● Goal of the exercise:
Please transcribe the data exactly as shown, skipping the images.

● Collected data:

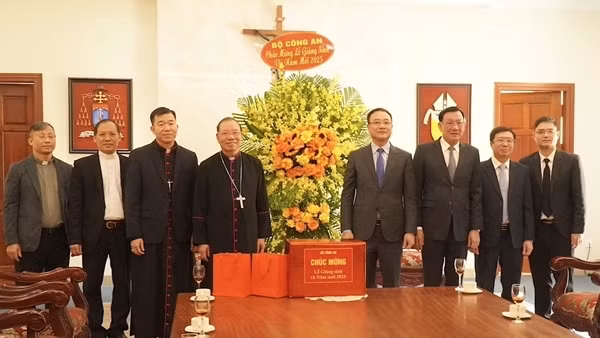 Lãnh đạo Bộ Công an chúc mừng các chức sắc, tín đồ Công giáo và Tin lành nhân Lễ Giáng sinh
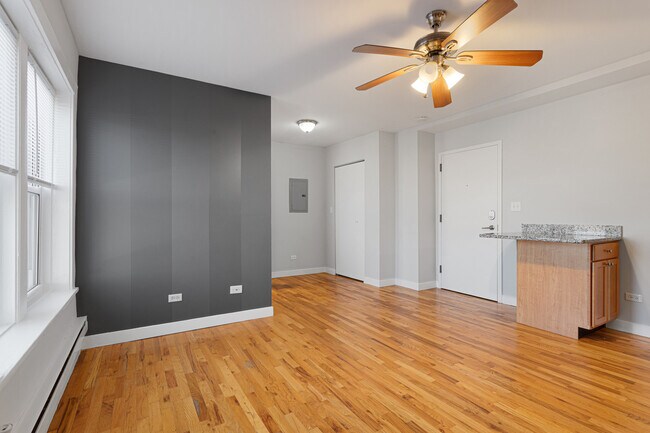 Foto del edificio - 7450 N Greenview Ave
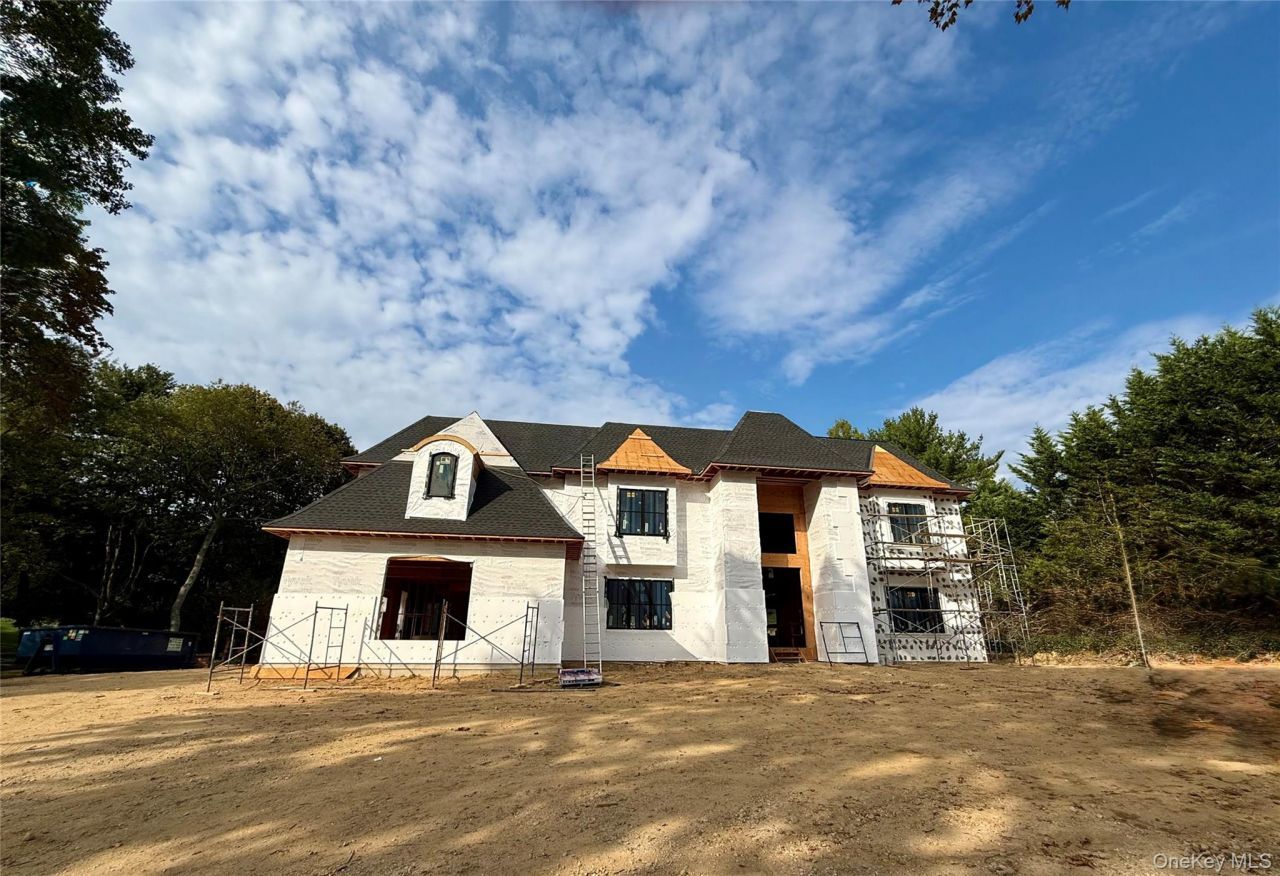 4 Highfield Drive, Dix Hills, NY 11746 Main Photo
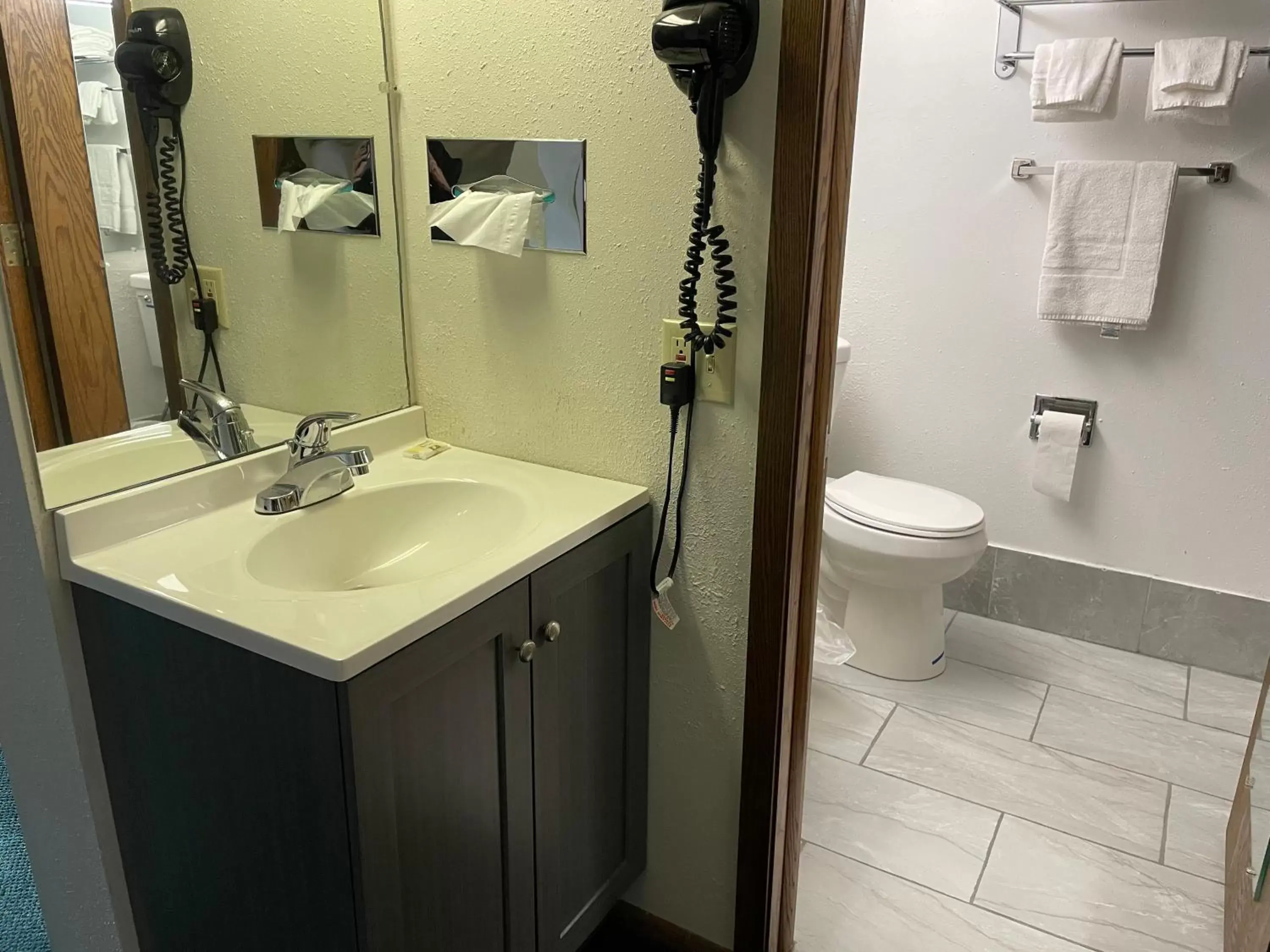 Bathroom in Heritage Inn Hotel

● Answer to the problem:
 Lãnh đạo Bộ Công an chúc mừng các chức sắc, tín đồ Công giáo và Tin lành nhân Lễ Giáng sinh
 Foto del edificio - 7450 N Greenview Ave
 4 Highfield Drive, Dix Hills, NY 11746 Main Photo
 Bathroom in Heritage Inn Hotel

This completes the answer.